Are there really many situations where a 10kbps connection would actually be stable enough to be usable? Usually when you get these kinds of speeds it means the underlying connection is well and truly compromised, and any kind of real-time audio would fail anyway because you're drowning in a sea of packet loss and retransmissions.
Even in cases where you do get a stable 10kbps connection from upstream, how are you going to manage getting any usable traffic through it when everything nowadays wastes bandwidth and competes with you (just look at any iOS device's background network activity - and that's before running any apps which usually embed dozens of malicious SDKs all competing for bandwidth)?
Yes; backhaul connections in telephony applications are often very stable and are already capacity managed by tuning codec bandwidth. Say you are carrying 1000 calls with uLaw (64kbps * 1000) over a pair of links and one fails. Do you A) carry 500 calls on the remaining link B) stuff all calls onto the same link and drop 50% of the packets or C) Change to a 32kbps codec?
It seems you may be imaging the failure case where your "ISP is slow" or something like that due to congestion or packet loss -- as I posted elsewhere in the thread the bandwidth is only one aspect of how a "low bitrate" codec may be expected to perform in a real world application. How such a codec degrades when faced with bit errors or even further reduced channel capacity is often more important in the real application. These issues are normally solved with things like FEC which can be incorporated as part of the codec design itself or incorporated as part of the modem/encoding/modulation of the underlying transport.
Yes; but what is your point? A congested network like you describe isnt ever going to reliably carry realtime communications anyway due to latency and jitter. All you could reasonably due to 'punch through' that situation is to use dirty tricks to give your client more than its fair share of network resources.
6kbps is 10x less data to transfer than 64kbps, so for all the async aspects of Messenger or WhatsApp there is still enormous benefit to smaller data.
> Are there really many situations where a 10kbps connection would actually be stable enough to be usable?
Yes there are. We ran on stable low bandwidth connections for a very long time before we had stable high bandwidth connections. A large part of the underdeveloped world has very low bandwidth, and use 5 - 10 Kbps voice channels.
Are you talking about the general "we" or your situation in particular? For the former, yes sure we started with dial-up, then DSL, etc, but back then software was built with these limitations in mind.

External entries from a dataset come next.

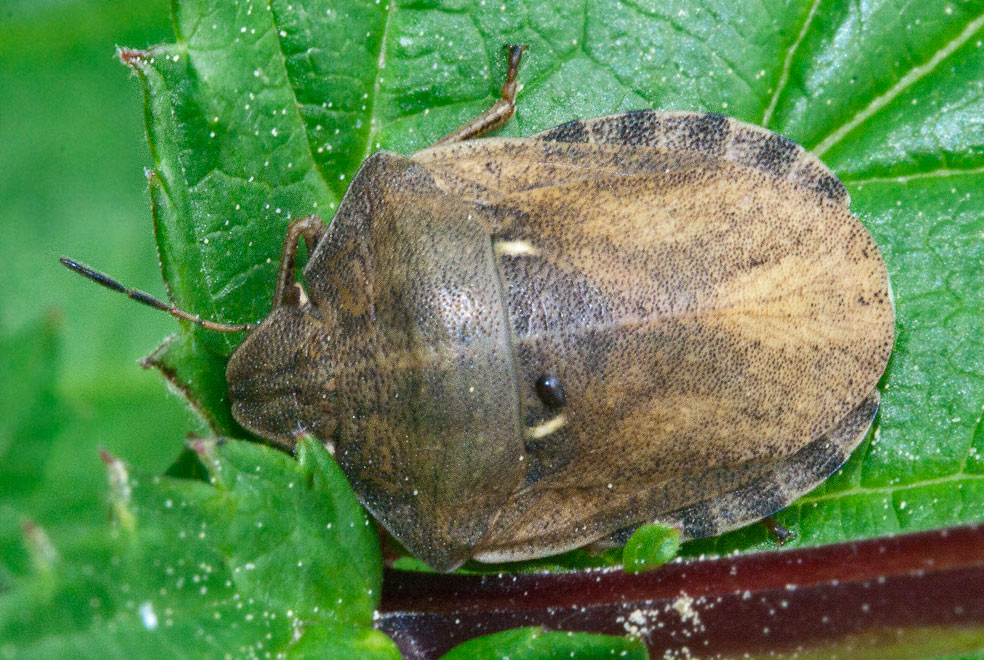   (Eurygaster testudinaria)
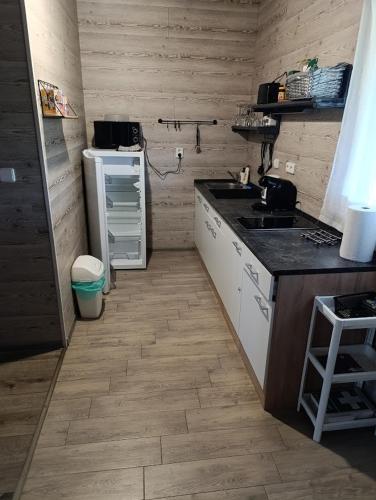 keuken, Chaty u rybníka (Chaty u rybnika) in Nove Veseli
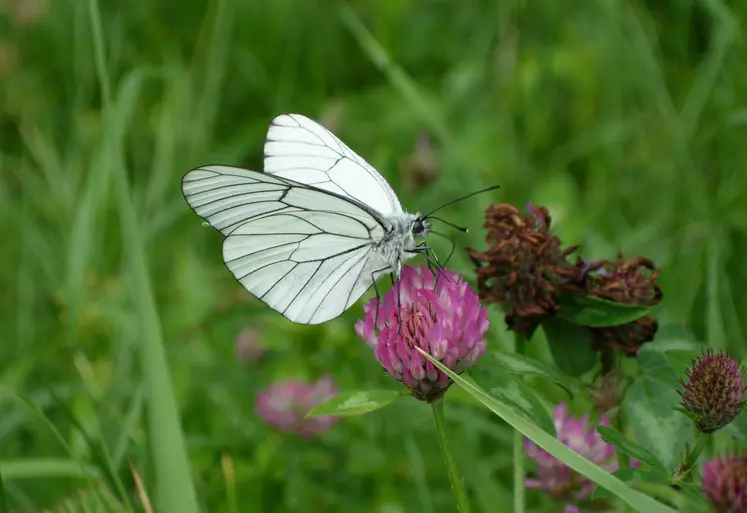 papillon plan sur une fleur de luzerne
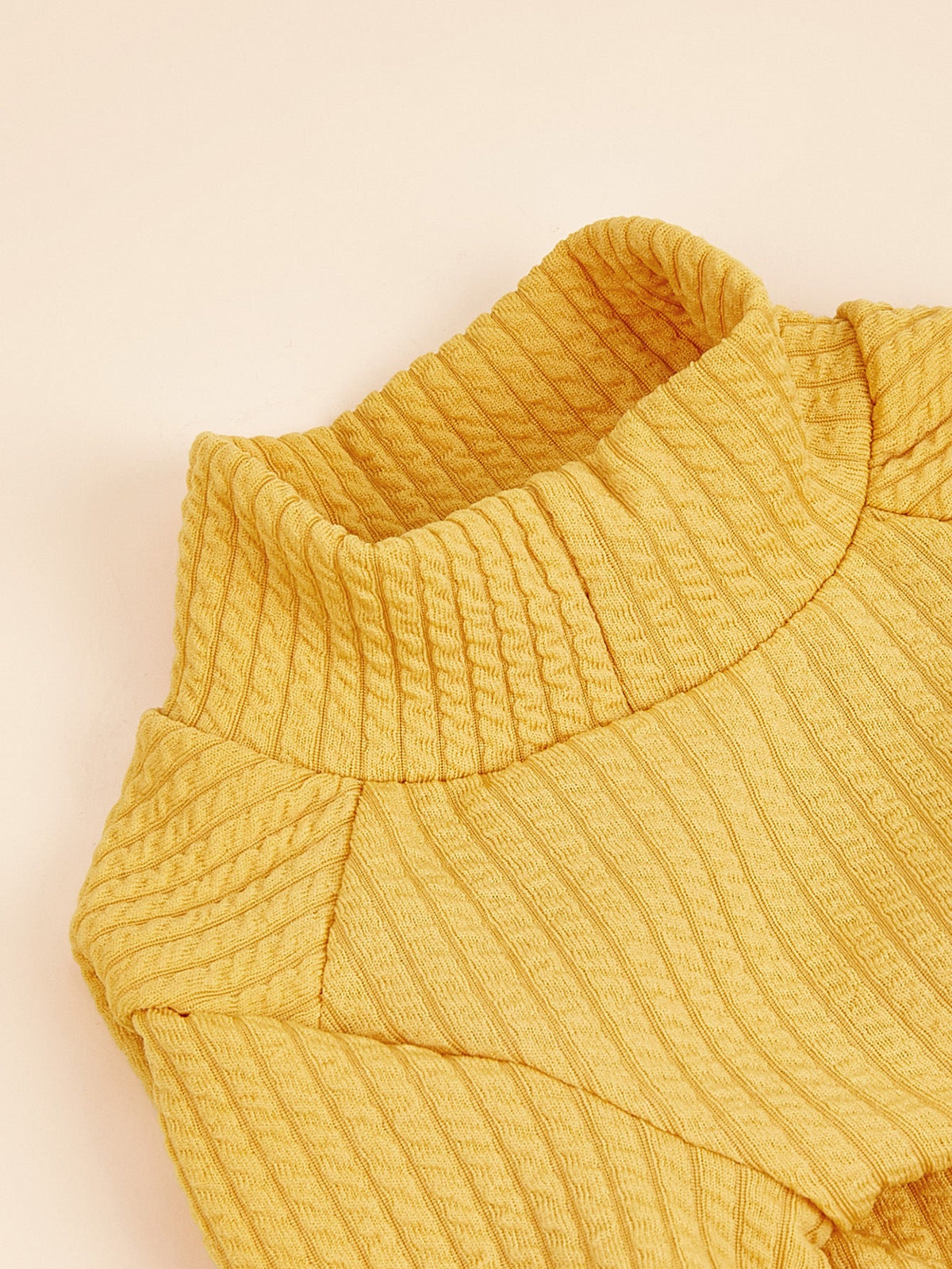 Ribbed Pet T-Shirt for Cozy, Polished Everyday Style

Constant background traffic for "product improvement" purposes would be completely unthinkable 20 years ago; now it's the norm. All this crap (and associated TLS handshakes) quickly adds up if all you've got is kilobits per second.
I assume the general-ish “we”, where it is general to the likes of you and I (and that zeroxfe). There are likely many in the world stuck at the end of connections run over tech that this “general subset” would consider archaic, and that zeroxfe was implying their connections, while slow, may be similarly stable to ours back then.
Also, a low bandwidth stable connection could be one of many multiplexed through a higher bandwidth stable connection.
Let's not move the goalposts here :-) The context is an audio codec, not heavyweight web applications, in response to your question "Are there really many situations where a 10kbps connection would actually be stable enough to be usable?" And I'm saying yes, in that context, there are many situations, like VoIP, where 10kbps is usable.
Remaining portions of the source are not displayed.